Dans la nuit du 6 octobre 1991, alors qu’elle dormait sur ce rond-point avec son ami Dori, un groupe de néonazis partis à la chasse a passé à tabac trois femmes du quartier, tuant Sonia sous les coups.
Un meurtre symbolique
Le meurtre de Sonia a été le premier à être pris en charge par les Mossos d’Esquadra, qui étaient encore déployés en tant que force de police en Catalogne, et a également été considéré comme le premier à être qualifié de crime de haine, bien que ce type de circonstance aggravante n’existait pas encore dans le code pénal. Les néonazis Héctor López Frutos, son frère Isa et Pere Alsina, David Perlade, Andrés Pascual et Oliver Sánchez ont été arrêtés et condamnés pour ce meurtre.
L’assassinat de Sonia Rescalvo a marqué un tournant dans les luttes du collectif, qui ont commencé à être plus visibles et à être traitées avec plus de sensibilité dans les médias.

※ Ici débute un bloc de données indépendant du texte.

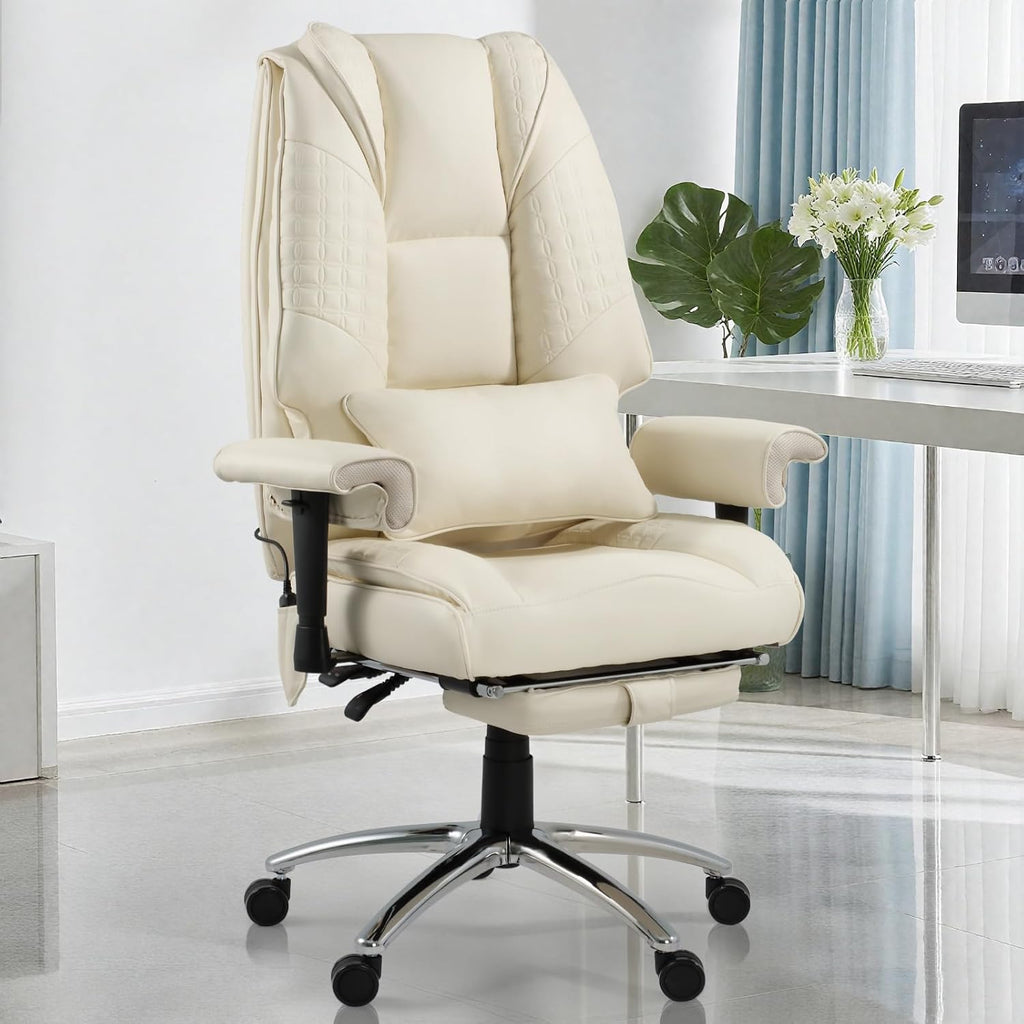 Massage & Heated Office Chair with Foot Rest, Ergonomic Executive Office Chair with Reclining Backrest, Adjustable Arms and Lumbar Support, High Back Leather Desk Chairs for Home Office, Beige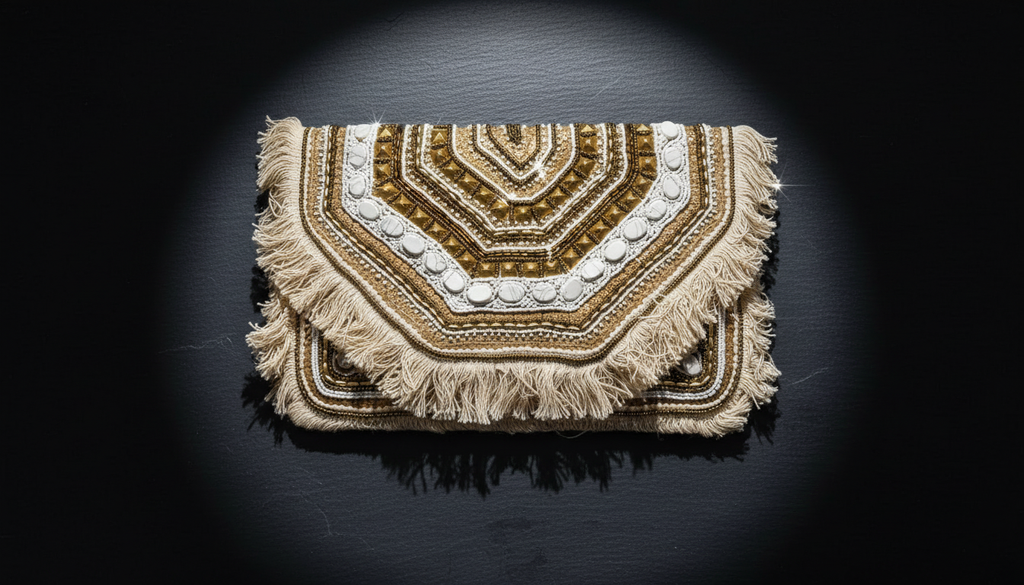 White Embroidered Boho Purse Mini Beaded Clutch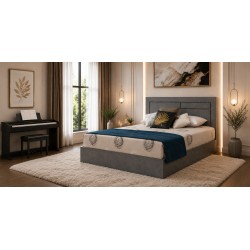 Willington Bed 180x200 cm In Plywood Dark Grey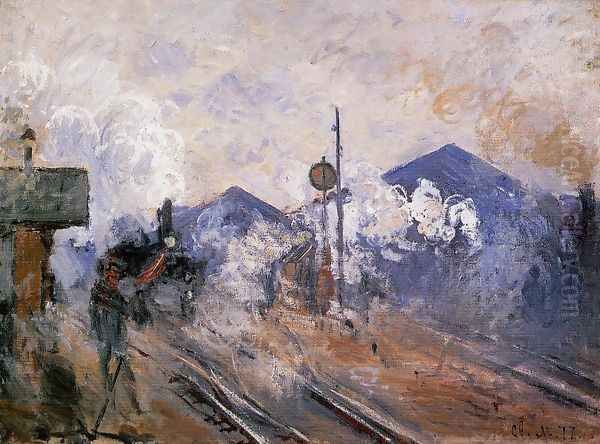 Track Coming Out Of Saint Lazare Station Oil Painting by Claude Oscar Monet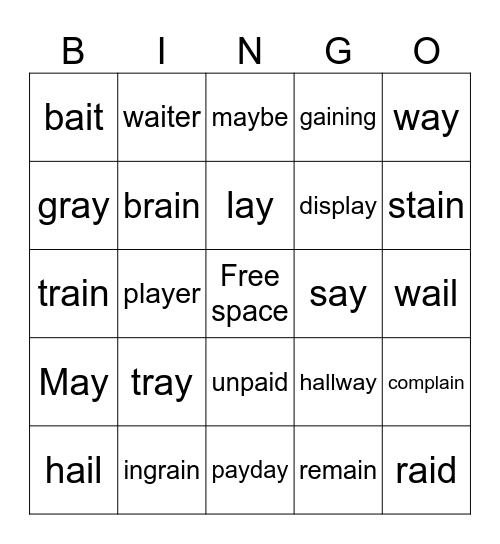 ai and ay words Bingo Card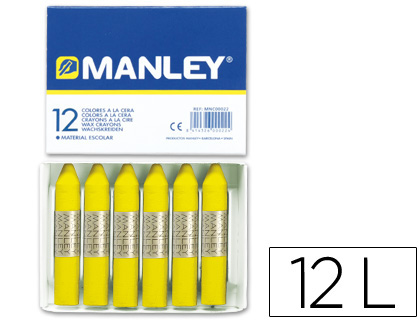 LAPIS DE CERA MANLEY 12 UNIDADES AMARELO LIMAO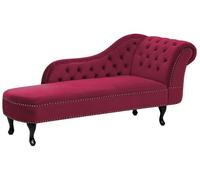 Chaise Longue Côté Droit Méridienne en Velours Rouge Glamour Elégant Salon Nimes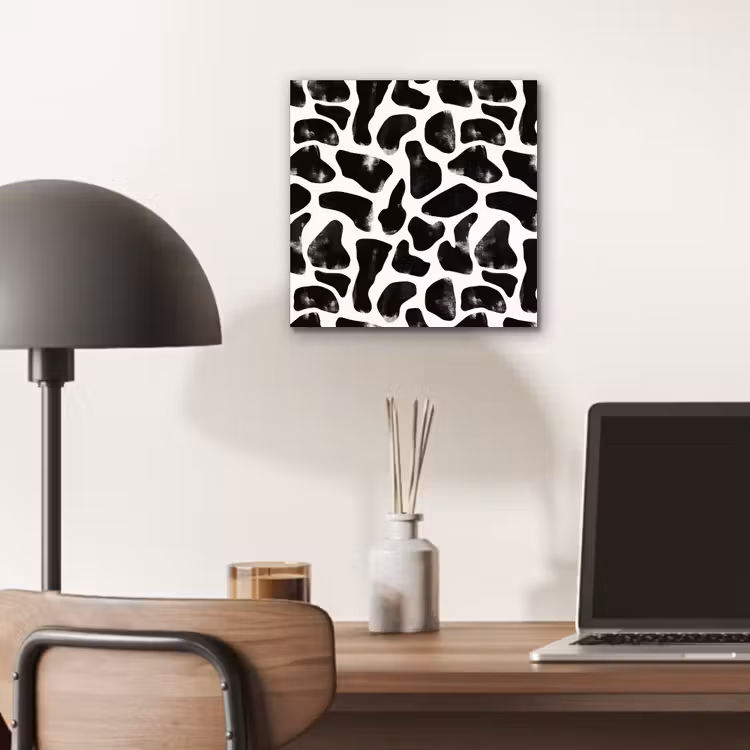 Aluminium schilderij - Dierenpatroon - Vlekken - Zwart - Wit — 6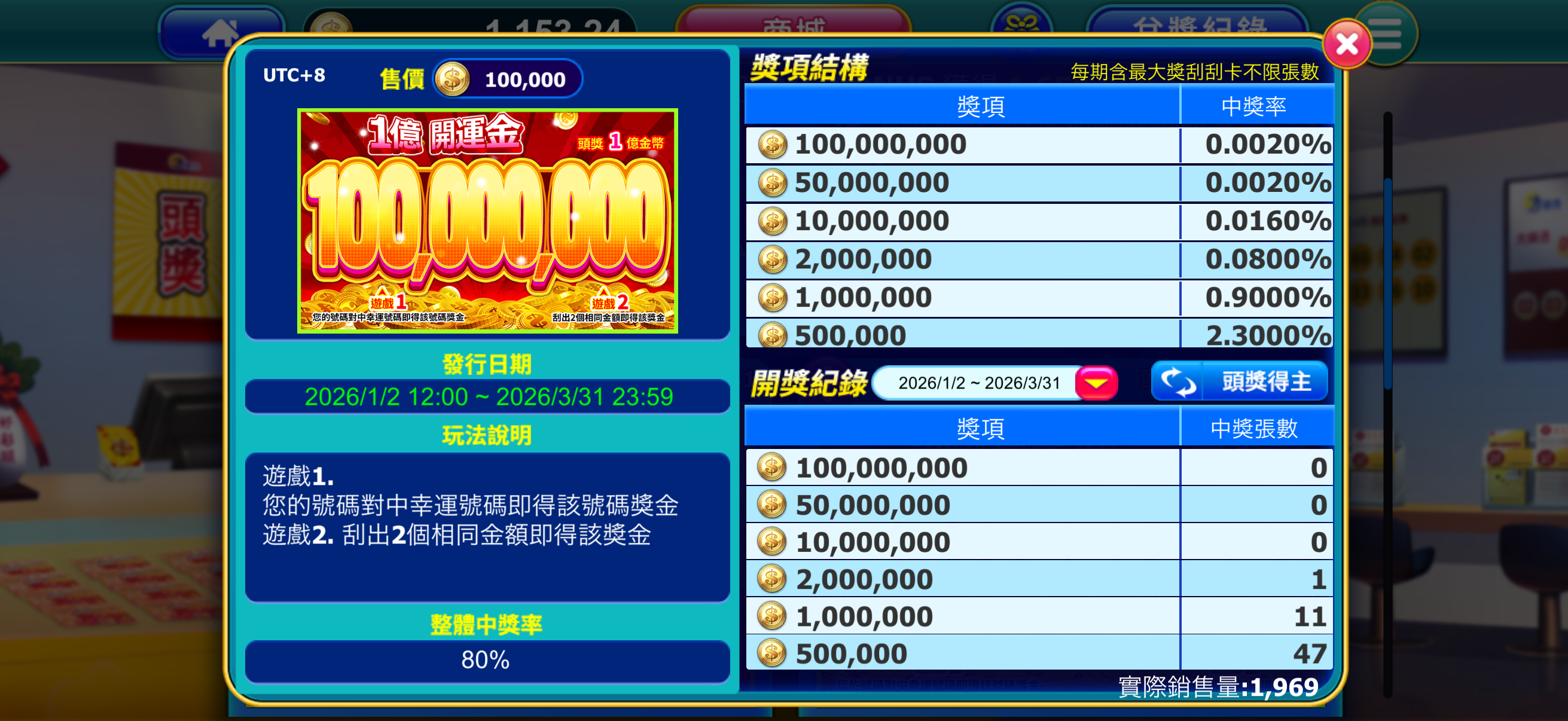 金好運刮刮樂遊戲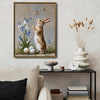 Vintage Standing Bunny Bluebell Butterflies Easter Eggs Canvas Wall Art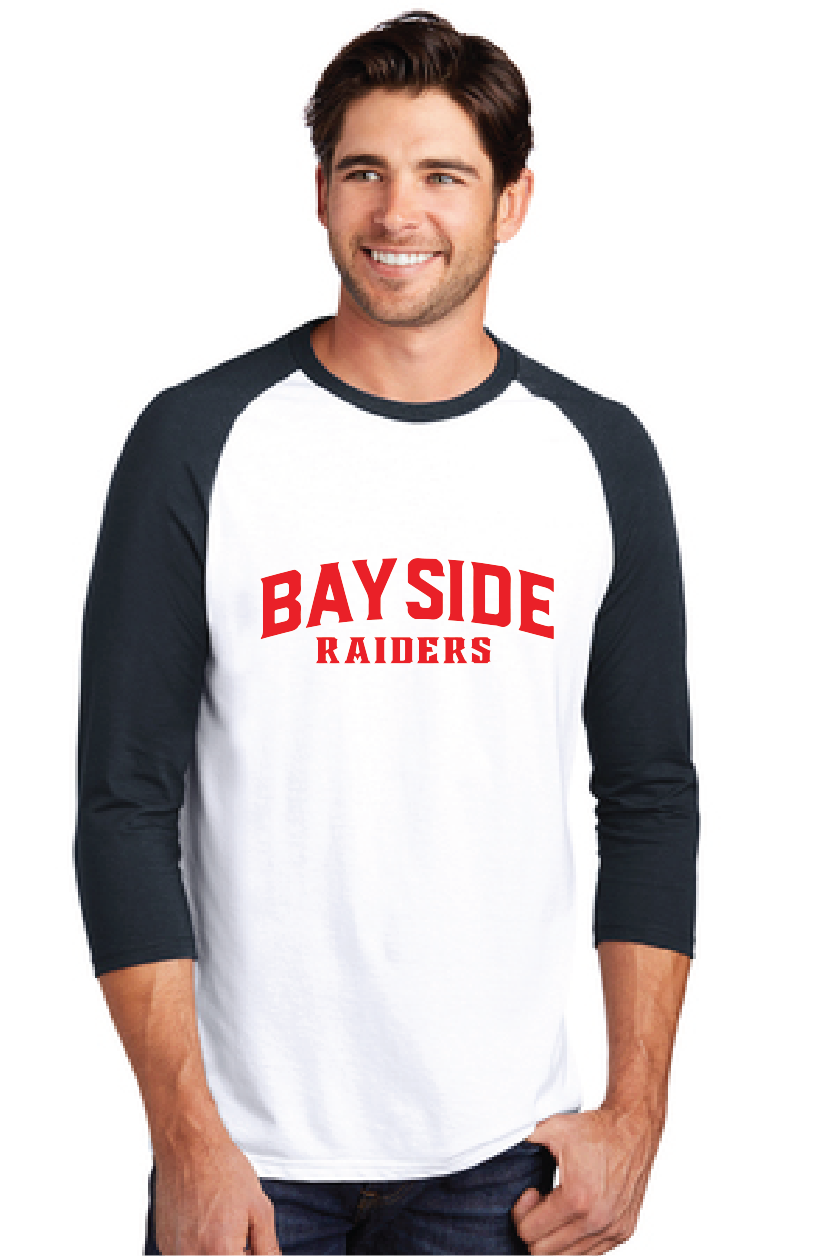 Perfect Tri 3/4-Sleeve Raglan / White Navy / Bayside Middle School Staff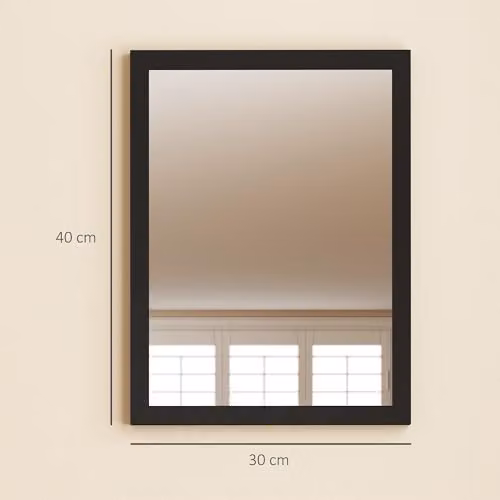 HOMCOM Set of 2 Modern Rectangular Wall Mirrors in Black, W: 40 cm, H: 30 cm – 5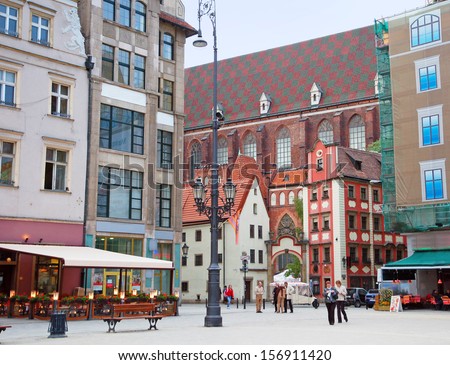 Market square in Wroclaw, Jas i Malgosia (Hansel and Gretel) houses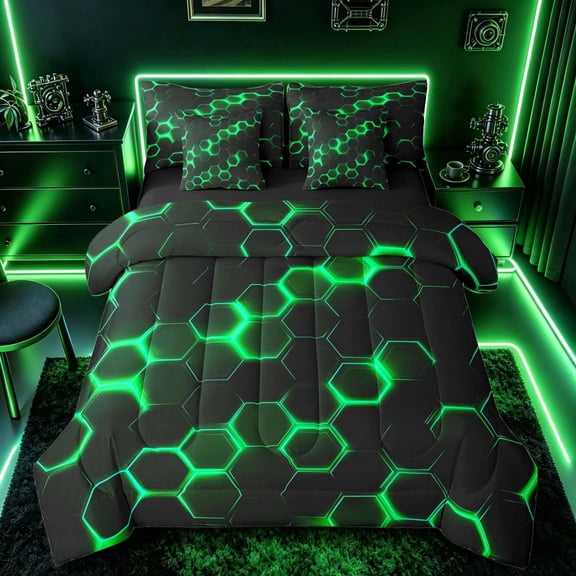 meiyoeat Neon Honeycomb Pattern Twin Bedding Sets for Boys Girls, Geometric Hexagon Bedding Comforter Set, Green, Black Reversible 7pcs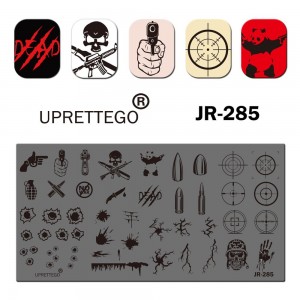 Пластина для друку на нігтях JR-285, стемпінг пластина, пірат, меч, пістолет, череп, мішень, блискавка, вибух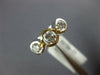 ESTATE .75CT DIAMOND 14KT 2 TONE GOLD ROUND 3 STONE SEMI BEZEL ENGAGEMENT RING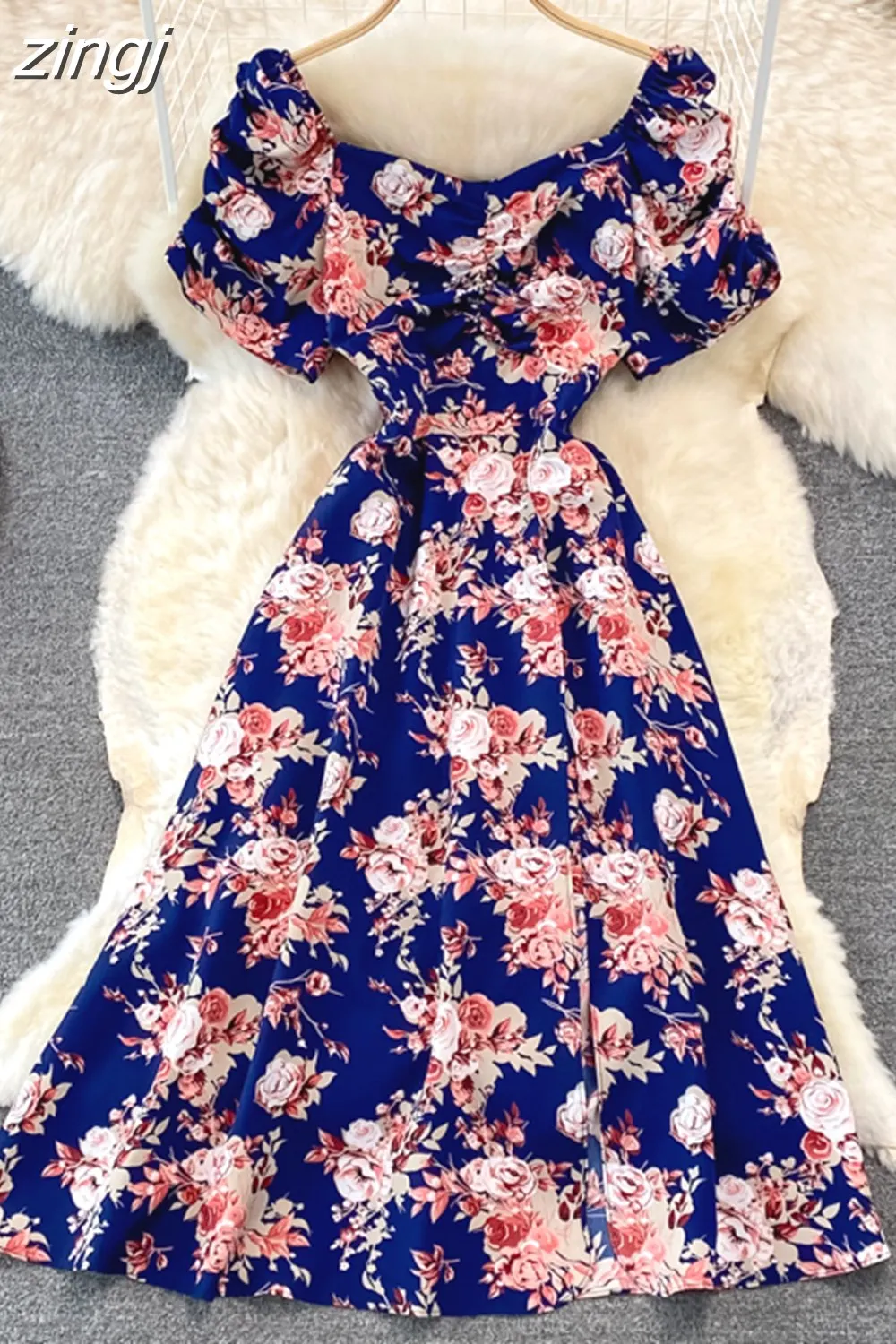 Maxct Vintage Women Printed Dresss Sexy Square Collar Short Puff Sleeve High Waist A-Line Vacation Beach Vestidos Female New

En 1993, la Coordinadora de Frentes de Liberación Homosexual del Estado Español a placé une plaque commémorative sur le site.
En 2011, la mémoire a été officialisée par l’installation du monument à la mémoire des gays, lesbiennes et transsexuels réprimés. En 2013, l’espace a été rebaptisé « Glorieta de la Transsexual Sònia », en plaçant un panneau visible aujourd’hui, qui rappelle aux Barcelonais qui traversent le parc que les luttes ne s’arrêtent jamais et que nous devons garder la mémoire vivante pour que la haine ne se reproduise pas à nouveau.
Les routes de la mémoire trans
L’histoire de Sonia Rescalvo est l’histoire de tant de femmes trans opprimées à Barcelone. Il existe désormais un itinéraire qui les explique, le Putiruta Trans que Violet Ferrer parcourt à travers la ville, un véritable joyau pour connaître l’autre facette de l’histoire de Barcelone.